In some embodiments, the wireless device or devices are delay tolerant. Delay tolerance may be defined with respect to a threshold. In some examples, delay tolerance may be linked to the first transmission cycle. In some embodiments, the wireless device or devices include a UE with a long sleep cycle or an MTC device.

Some embodiments include systems for supervision of wireless devices in a wireless communications system. In some examples, the systems include means for determining a list of connected wireless devices and means for broadcasting one or more messages including the list of connected wireless devices. In some embodiments, the systems further include means for receiving a message from a wireless device that the wireless device is not on the list of connected devices. The list of connected devices may include one or more wireless devices that have not transmitted a keep-alive handshake initiation message within a time period.

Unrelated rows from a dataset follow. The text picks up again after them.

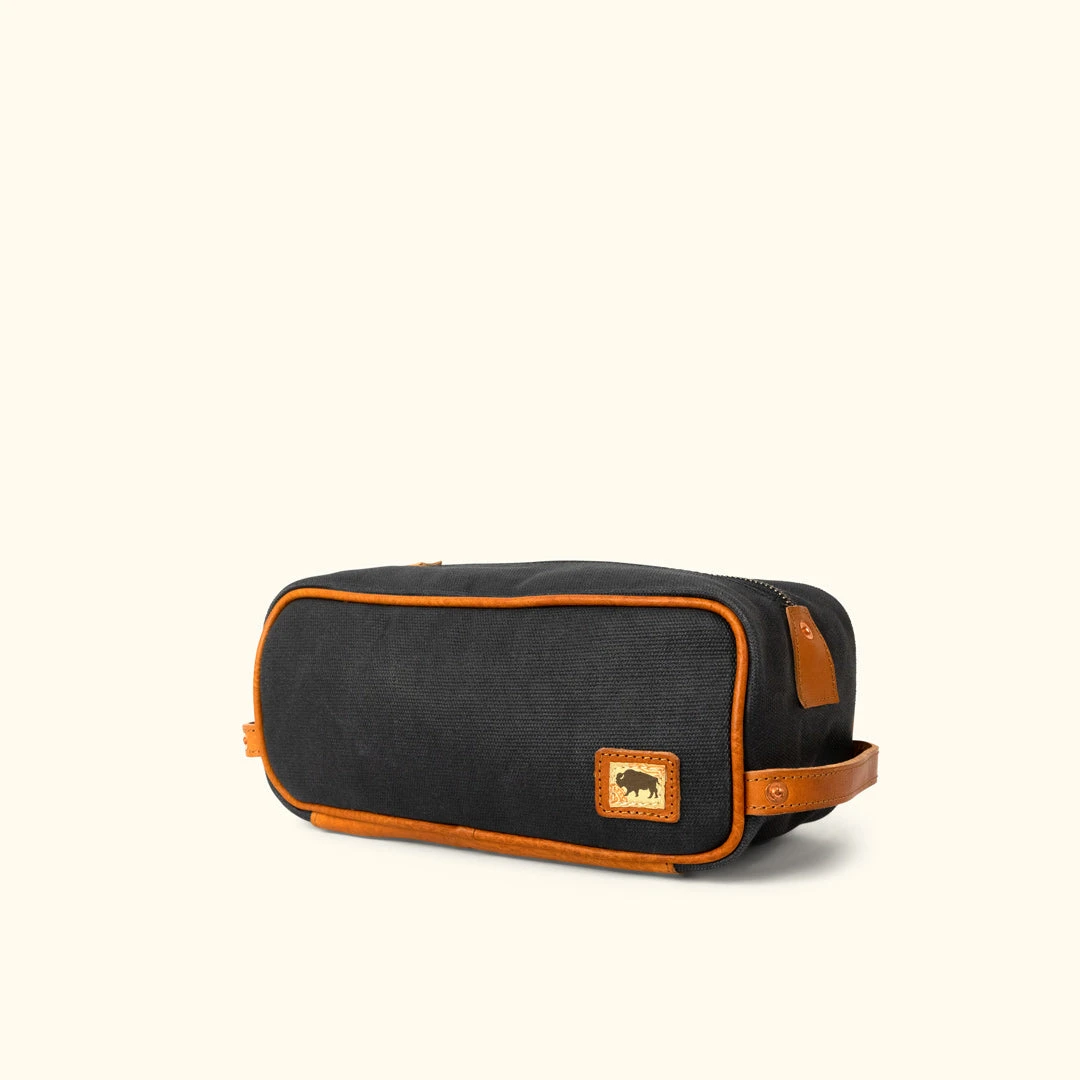 Buffalo Jackson Trading Co. Dakota Waxed Canvas Dopp Kit Toiletry Bag | Navy Charcoal W/ Saddle Tan Leather 4 Buffalo Jackson Trading Co. Dakota Waxed Canvas Dopp Kit Toiletry Bag | Navy Charcoal W/ Saddle Tan Leather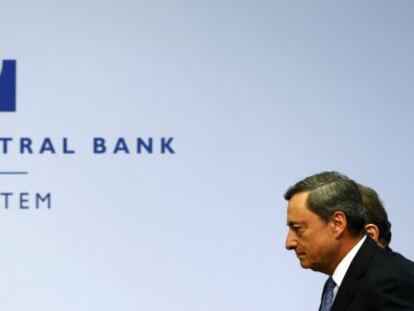 Draghi imprime casi un billón de euros para regar Europa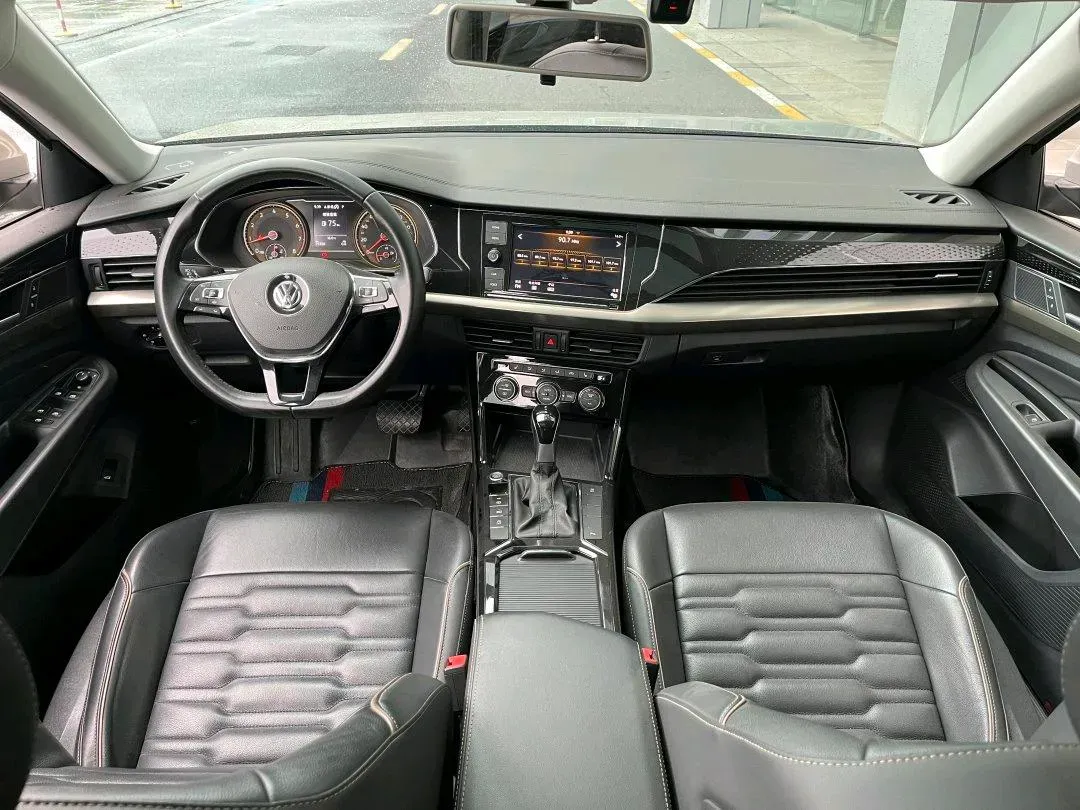 2019 Skoda Kodiak 2.0T 186HP L4 7DCT,autocango,china used car exporter,china ev exporter,chinese used car exporter,chinese used ev exporter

In some embodiments, the means for broadcasting the one or more messages includes means for transmitting a plurality of messages bases on a staggered DRX cycle. Some messages from the plurality of messages may include a subset of connected wireless devices from the list of connected wireless devices.

Some embodiments include devices for supervision of wireless devices in a wireless communications system. In some embodiments, the devices include at least one processor and a memory coupled to the processor. The processor may be configured to determine a list of connected devices and broadcast one or more messages including the list of connected devices.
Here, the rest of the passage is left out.